Data:
= = = =

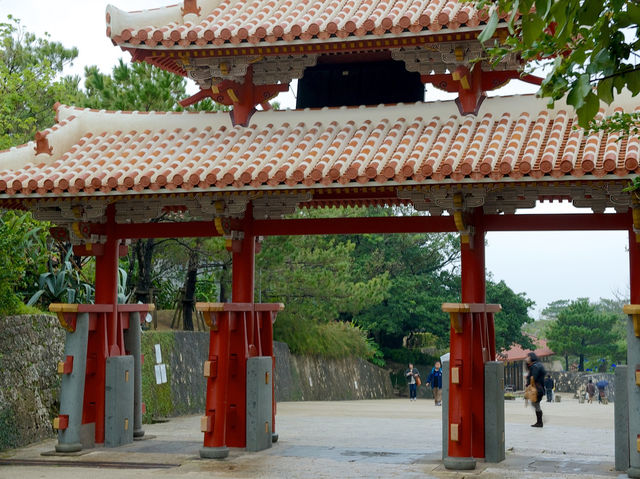 Shuri Castle Park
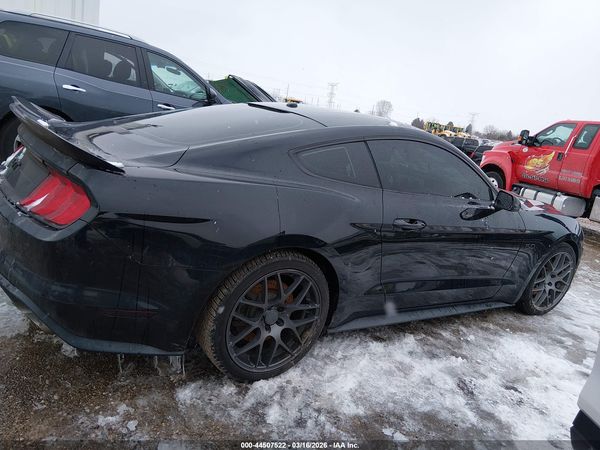 2018 FORD MUSTANG GT PREMIUM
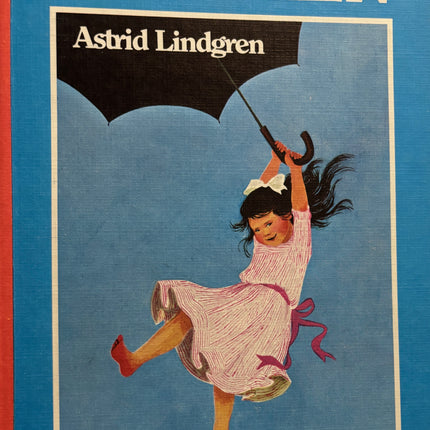 Collection image for: Bøker av Astrid Lindgren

= = = =

What to work on: Each line of the data above should be reproduced without alteration, and no picture should appear in the copy.

Result for this task:
 Shuri Castle Park
 2018 FORD MUSTANG GT PREMIUM
 Collection image for: Bøker av Astrid Lindgren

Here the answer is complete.